What I have done so far: I can show that, $h$ being the quotient map $\mathbb R \to \mathbb T$, the measure of a subset $A$ of $\mathbb R$ is equal to that of $h(A)$ if $A$ ia an interval and as a consequence also if $A$ is any open set. Moreover, if $A$ is a null set (i.e. has measure 0) then so is $h(A)$ and if $B$ is a null set in $\mathbb T$, then so is $h^{-1} (B)$.
My idea is then to use the density of the continuous functions with compact support (which are all the continuous ones in the case of the torus) in $L^1$ to obtain the desired conclusion. I have not yet verified my guess that this is easy in one direction. But in the other one, there are complications due to the facts that on the real line such functions are not periodic and periodic functions are not integrable except when they are = zero a.e. And it might help to reduce the case of complex functions to that of real ones and this to that of positive functions, which I hope is not too difficult. And then, if $f$ is continuous with compact support, the translates of $f$ by an integer are the terms of a series converging absolutely (by what I mean that the series of norms for uniform convergence converges) in every compact subset of $\mathbb R$, the sum being continous and periodic.

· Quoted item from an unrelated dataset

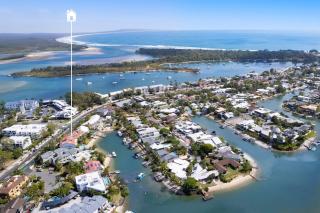 St Tropez 3 Noosa Riviera Waterfront Retreat - 7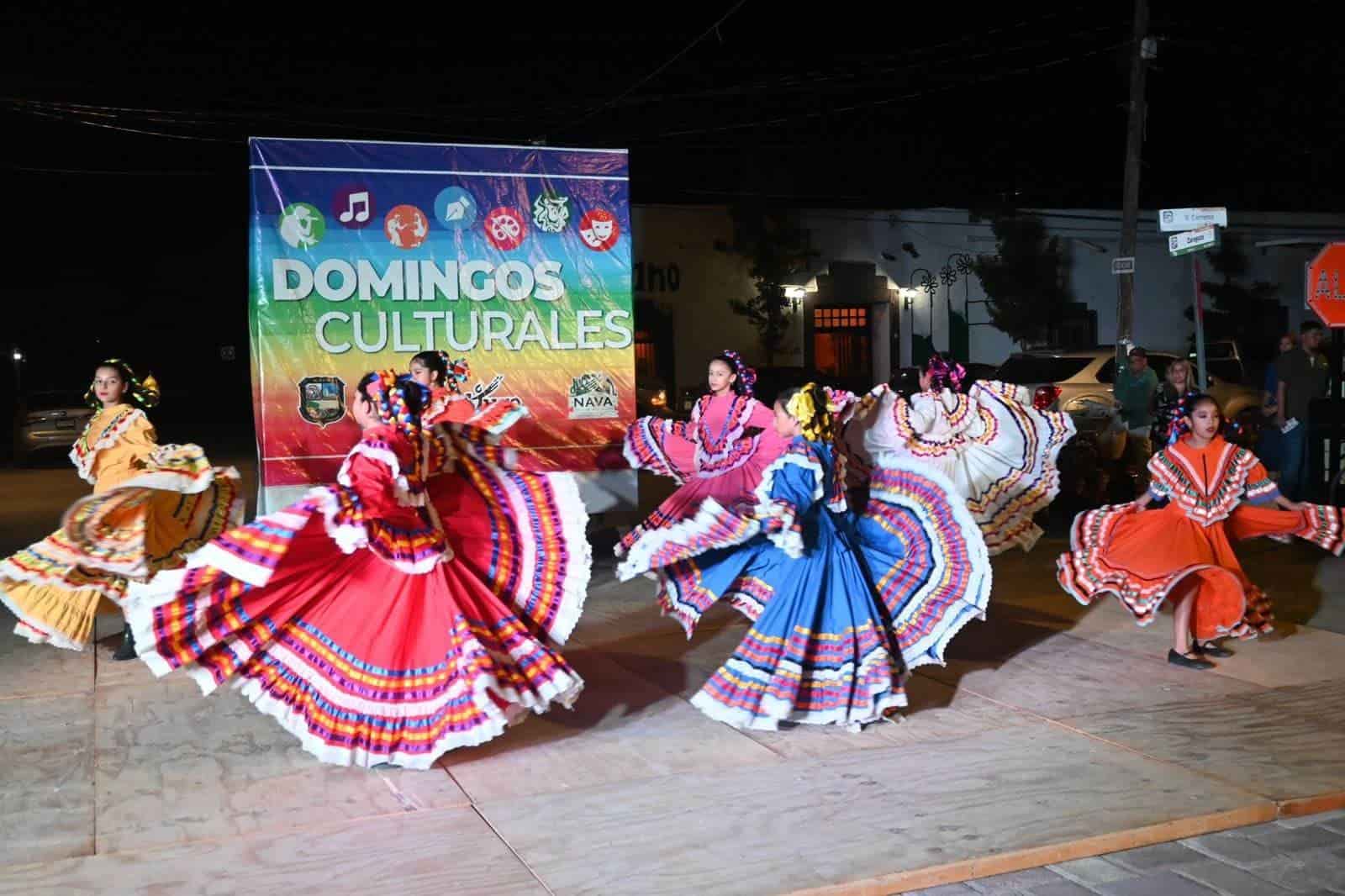 Disfrutan familias el domingo cultural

Once the integration of continuous functions w.r.t. the measure is fixed, the measure is uniquely determined if you want the measure to be regular. (Which both of your measures are.) Basically for an open set $U$, $\mu(U)$ must be the supremum of the integrals of all continuous functions taking values between 0 and 1 and with compact support contained in $U$. Clearly this supremum is bounded above by $\mu(U)$. The other direction follows from inner regularity, since for any compact set $K \subseteq U$ you can find a continuous functions taking value between 0 and 1, with support contained in $U$, and taking value 1 on $K$. The integral of such a continuous function is larger than $\mu(K)$. Since $\mu(U)$ is the supremum of $\mu(K)$ for all such $K$, we get the desired result. (This is just the uniqueness part of Riesz representation theorem.)